Based on characters from the animated series, LEGO Ninjago: Masters of Spinjitsu, the plot centers on a new villain, Ronin, who uses a weapon called the Obsidian Glaive to steal to the Ninja heroes’ powers and memories. In order to recover them, the Ninjas embark on a mission that takes them through locations drawn the TV series, and pits them against familiar adversaries, such as the Serpentine and Nindroids. Shadow of Ronin features lots of three-quarters-down perspective, hand-to-hand fighting, and at certain moments, it becomes important to utilize the right character: For example, the female ninja, Niya, has a grappling hook and cable, so she either latch onto and pull down objects, or pull herself up to hard-to-reach places. Meanwhile, the super-strong Cole is often called upon to pick up large objects and hurl them at other objects and walls.
As far as when to use one of the Ninja’s special talents—and exactly which Ninja to use—the game offers several prompts: There are blue circles indicating where a Ninja should stand, for example, and the game itself actually states which button to press. In addition, a red aura around an object indicates that one of the Ninjas needs to manipulate it, and that aura becomes green when the right character is selected.

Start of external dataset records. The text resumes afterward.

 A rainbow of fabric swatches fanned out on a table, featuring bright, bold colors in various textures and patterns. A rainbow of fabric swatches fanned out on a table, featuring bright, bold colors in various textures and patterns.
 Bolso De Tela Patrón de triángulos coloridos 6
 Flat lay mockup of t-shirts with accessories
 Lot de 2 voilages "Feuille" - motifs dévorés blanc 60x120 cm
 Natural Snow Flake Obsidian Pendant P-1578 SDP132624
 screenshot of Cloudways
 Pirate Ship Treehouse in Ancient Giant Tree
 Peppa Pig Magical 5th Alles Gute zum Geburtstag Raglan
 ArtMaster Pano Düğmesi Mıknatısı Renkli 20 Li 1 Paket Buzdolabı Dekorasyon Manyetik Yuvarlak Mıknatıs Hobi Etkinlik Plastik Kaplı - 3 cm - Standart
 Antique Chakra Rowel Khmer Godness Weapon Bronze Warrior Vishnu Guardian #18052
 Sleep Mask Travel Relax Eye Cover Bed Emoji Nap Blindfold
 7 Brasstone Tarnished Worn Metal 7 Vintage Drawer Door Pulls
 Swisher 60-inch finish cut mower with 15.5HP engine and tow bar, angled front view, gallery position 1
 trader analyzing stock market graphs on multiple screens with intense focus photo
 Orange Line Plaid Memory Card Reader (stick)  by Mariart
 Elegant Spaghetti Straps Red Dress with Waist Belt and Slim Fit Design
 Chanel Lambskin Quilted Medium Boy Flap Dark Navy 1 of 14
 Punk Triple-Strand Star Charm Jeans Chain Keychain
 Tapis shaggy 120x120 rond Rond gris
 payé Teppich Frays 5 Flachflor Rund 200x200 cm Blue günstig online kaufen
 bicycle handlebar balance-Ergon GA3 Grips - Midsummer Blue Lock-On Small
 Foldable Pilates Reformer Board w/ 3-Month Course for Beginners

Shadow of Ronin has a recommended age range of 10 and up, which makes sense, since the action can get pretty intense. From early on, the flying/shooting games that the narrative segues into are fairly fast-paced, though I wouldn’t call them difficult—during one such sequence involving high-speed vehicles, I managed to complete it despite crashing into just about every possible object on the road. While my demo did not cover the entire game, I came away with the impression that Shadow of Ronin is not intended to drive players to frustration, but to provide enough challenge to make the ending all the more sweet. And that’s a good thing, because a fun experience overall is something that players of all LEGO video games should expect by now.